**** The data ****
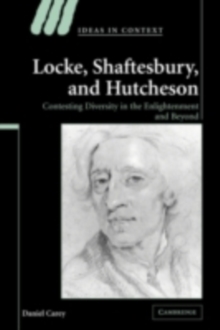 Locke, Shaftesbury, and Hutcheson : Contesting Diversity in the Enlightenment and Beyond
****
**** The data ****
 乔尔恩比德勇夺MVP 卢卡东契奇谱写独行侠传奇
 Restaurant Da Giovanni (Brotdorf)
****
**** The data ****
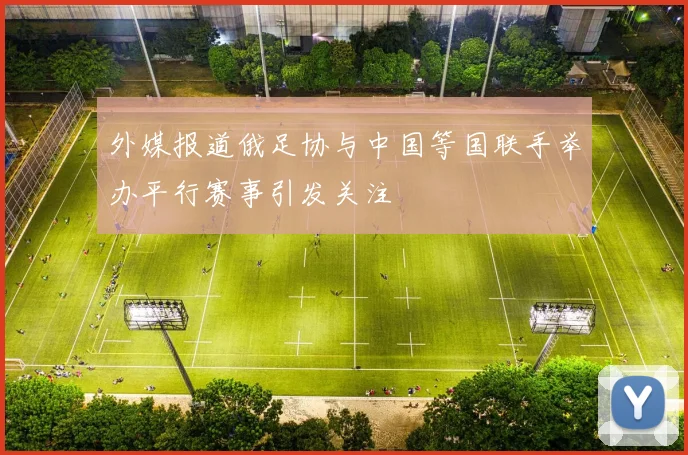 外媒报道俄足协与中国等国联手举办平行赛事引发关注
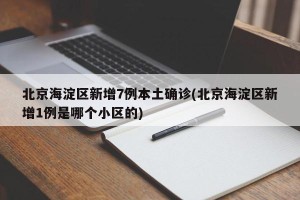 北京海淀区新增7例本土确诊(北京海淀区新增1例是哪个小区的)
****
Work instruction: From the records above, copy only the lines starting with the line that holds "乔尔恩比德勇夺MVP 卢卡东契奇谱写独行侠传奇" and going on through the line that holds "Restaurant Da Giovanni (Brotdorf)", exactly as written.

Response to the task:
 乔尔恩比德勇夺MVP 卢卡东契奇谱写独行侠传奇
 Restaurant Da Giovanni (Brotdorf)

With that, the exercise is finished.